Le accuse del CFI riguardano le modalità di vendita dei rimedi omeopatici nei negozi che fanno capo ai due retailer: i prodotti in questione sono esposti sugli scaffali accanto ai farmaci convenzionali, in sezioni contrassegnate da denominazioni che rimandano a patologie mediche. Quella collocazione, secondo il CFI, indurrebbe i consumatori a credere oltre ogni ragionevole dubbio che tali sostanze possano avere determinati effetti benefici sulla loro salute.

Il pronunciamento di Washington ribalta la decisione dei giudici di primo grado, che avevano chiesto l’archiviazione del caso. Si andrà quindi a processo: nulla è ancora scritto, ma le conseguenze potrebbero essere rivoluzionarie.

Oltre alla questione di merito, la corte d’appello ha valutato e sciolto un secondo nodo cruciale per il proseguimento dell’azione legale, di natura squisitamente giuridica: la motivazione che aveva spinto i giudici di primo grado ad archiviare la causa era che il CFI non si potesse considerare un’associazione di protezione dei consumatori, ma una realtà che agiva su un piano meramente teorico. Mancando questo riconoscimento, infatti, sarebbero venuti meno i presupposti perché il CFI potesse portare in tribunale i due colossi della distribuzione.
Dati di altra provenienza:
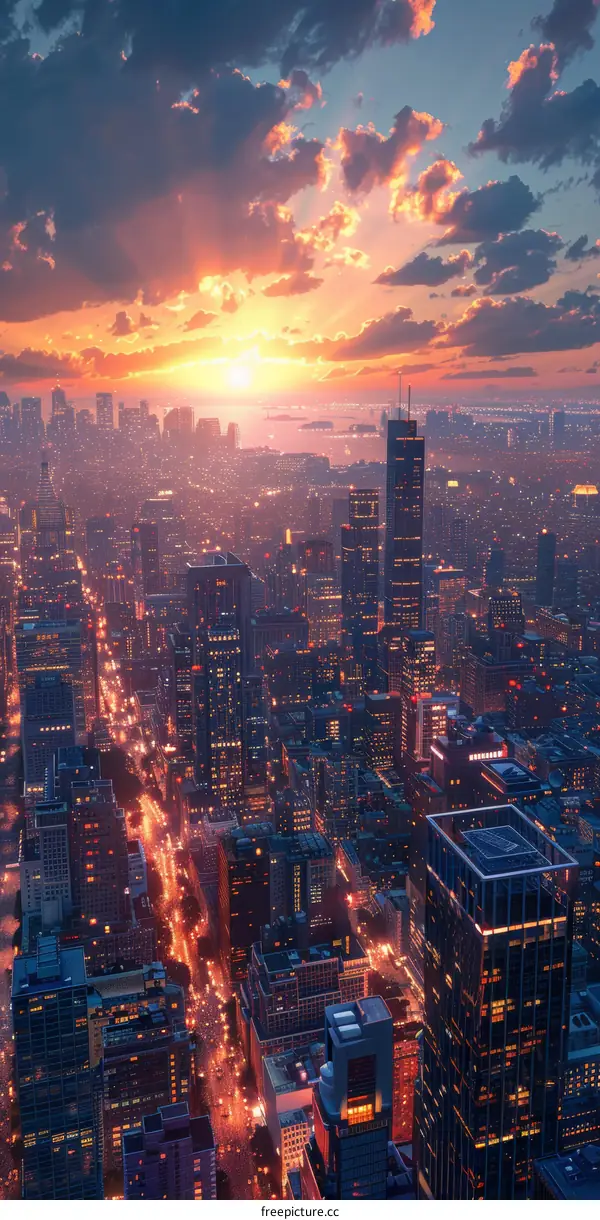 Spectacular Sunset Over Vibrant Cityscape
A raccontare l’evoluzione della vicenda è Nicholas Little, vicepresidente del CFI e capo dell’ufficio legale dell’associazione, in un articolo apparso sul numero di gennaio e febbraio di Skeptical Inquirer: «Se un negozio espone qualcosa sotto un cartello che recita “antidolorifico”, l’assunzione logica e ragionevole è che quell’attività stia tentando di dire che i prodotti forniscano sollievo dal dolore. Ovviamente, questo non dimostra che il comportamento di CVS e Walmart preso in esame sia di natura fraudolenta. Vuol dire che entrambi saranno chiamati a rispondere nel merito della questione. In sostanza, questa decisione ci assicura l’opportunità di far ascoltare la nostra voce in un’aula di giustizia. Affronteremo il dibattimento, potremo porre domande ai dipendenti sotto giuramento e tenteremo di provare che le decisioni prese nei punti vendita hanno violato la legge. La guerra è ancora molto lunga, ma questa battaglia si è conclusa con una nostra grande vittoria».
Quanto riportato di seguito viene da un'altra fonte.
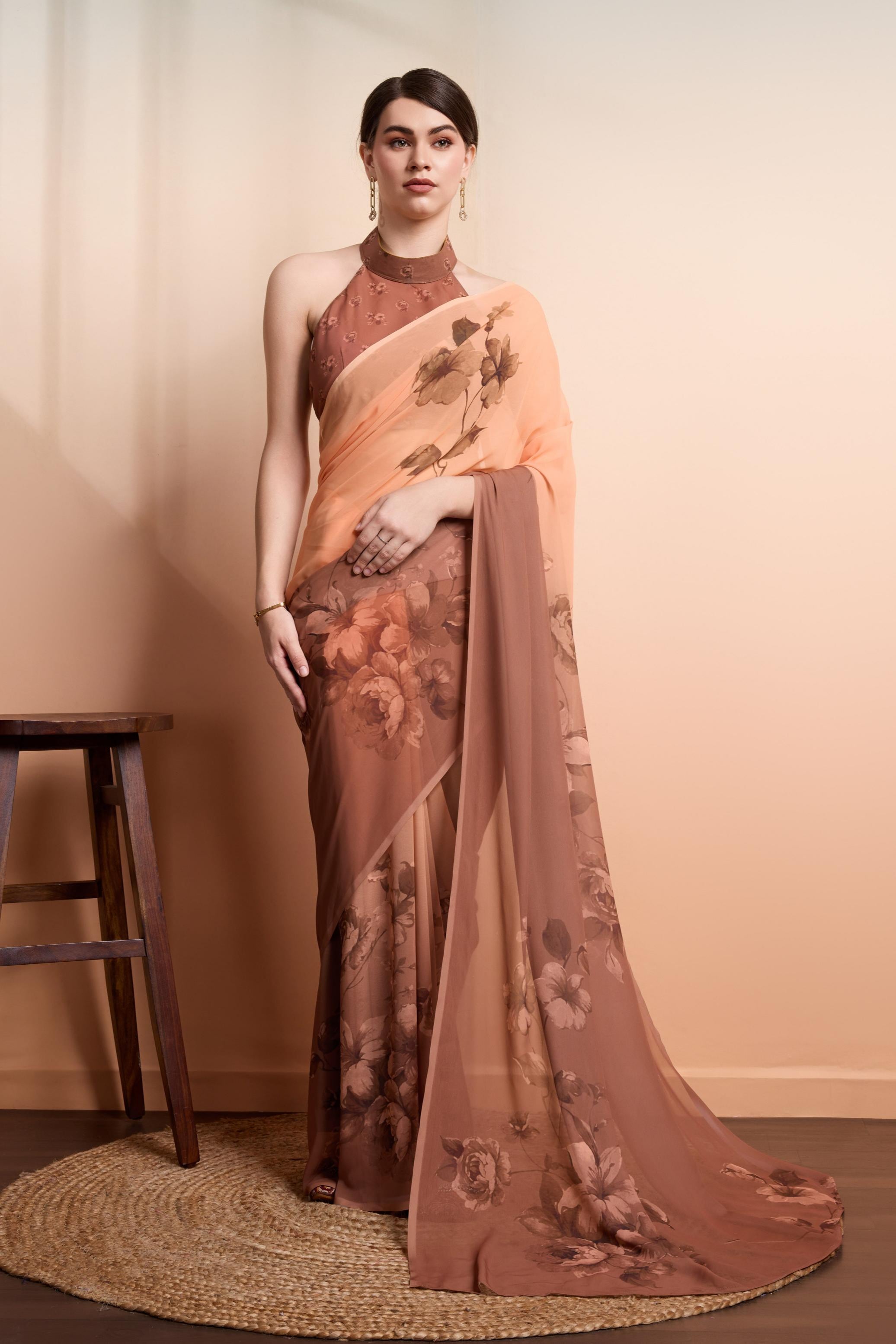 RACHNA Floral Pure Georgette Saree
Quello contro Walmart e CVS non è comunque l’unico caso giudiziario aperto dal Center for Inquiry in tema di omeopatia. Come abbiamo riferito mesi fa su Query, infatti, l’associazione scettica statunitense ha un contenzioso in itinere anche con la Boiron, la più grande casa produttrice di rimedi omeopatici al mondo. L’accusa mossa alla multinazionale francese è di aver immesso sul mercato una serie di pillole e polveri identiche per composizione, millantando una loro specifica efficacia contro patologie diverse.